--- SOURCE DATA Enclosed Below ---

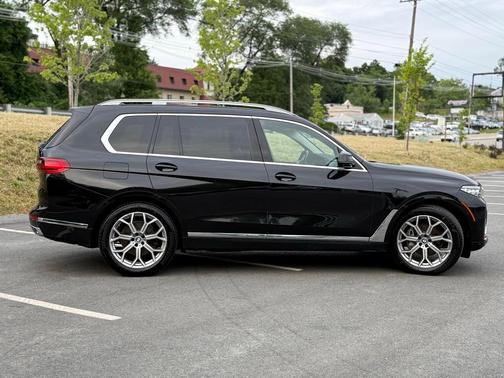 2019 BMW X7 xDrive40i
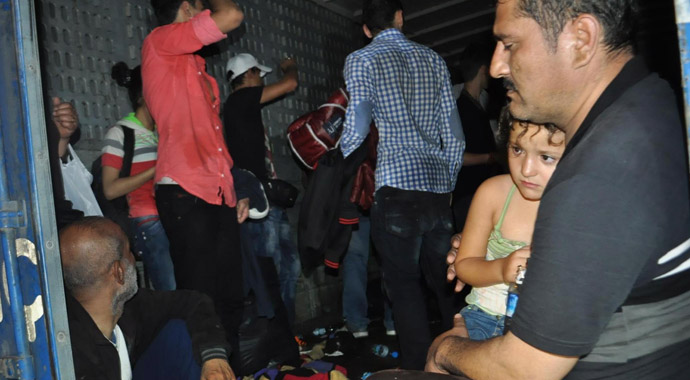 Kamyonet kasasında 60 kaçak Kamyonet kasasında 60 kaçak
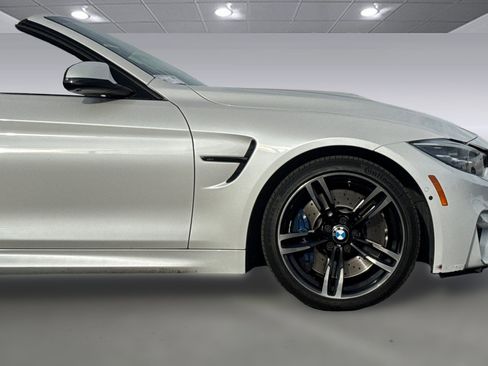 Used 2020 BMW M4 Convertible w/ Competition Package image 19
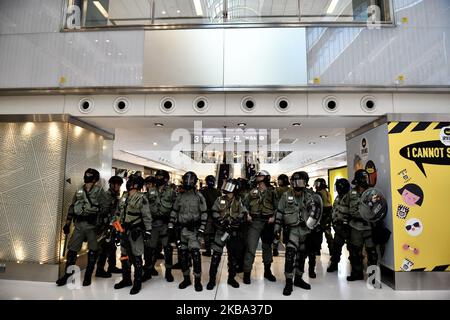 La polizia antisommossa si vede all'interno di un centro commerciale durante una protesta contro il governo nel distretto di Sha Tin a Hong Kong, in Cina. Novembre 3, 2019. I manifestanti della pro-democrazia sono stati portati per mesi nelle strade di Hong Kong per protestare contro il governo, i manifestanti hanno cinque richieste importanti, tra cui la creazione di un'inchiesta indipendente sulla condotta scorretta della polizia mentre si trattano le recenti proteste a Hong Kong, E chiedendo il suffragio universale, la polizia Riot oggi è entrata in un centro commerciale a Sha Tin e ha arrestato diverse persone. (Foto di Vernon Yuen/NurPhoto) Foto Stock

--- End of Enclosed SOURCE DATA ---
--- SOURCE DATA Enclosed Below ---

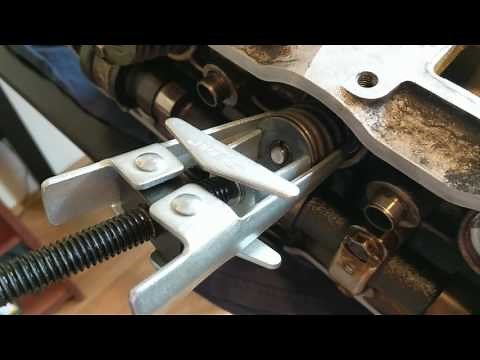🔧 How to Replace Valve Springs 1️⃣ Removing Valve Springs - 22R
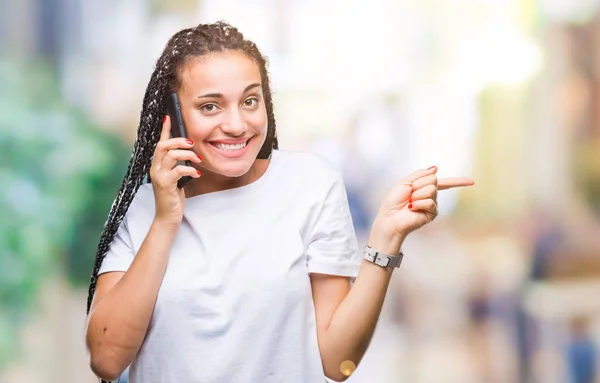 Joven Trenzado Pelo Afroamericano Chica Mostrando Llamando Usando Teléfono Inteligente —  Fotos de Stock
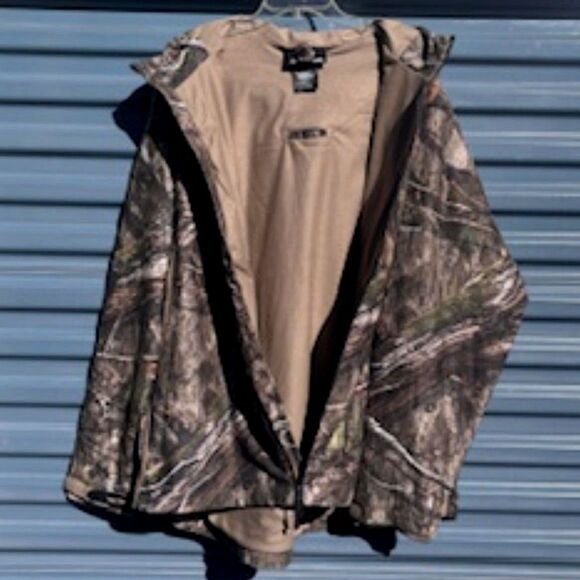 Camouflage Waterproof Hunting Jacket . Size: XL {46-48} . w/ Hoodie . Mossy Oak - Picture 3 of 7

--- End of Enclosed SOURCE DATA ---

## [YOUR OBJECTIVE]
Above are the records; return the lines in them from the one with "Springs - 22R" to the one with "Camouflage Waterproof Hunting", inclusive, exactly and without images.

## [TASK OUTPUT]
🔧 How to Replace Valve Springs 1️⃣ Removing Valve Springs - 22R
 Joven Trenzado Pelo Afroamericano Chica Mostrando Llamando Usando Teléfono Inteligente —  Fotos de Stock
 Camouflage Waterproof Hunting Jacket . Size: XL {46-48} . w/ Hoodie . Mossy Oak - Picture 3 of 7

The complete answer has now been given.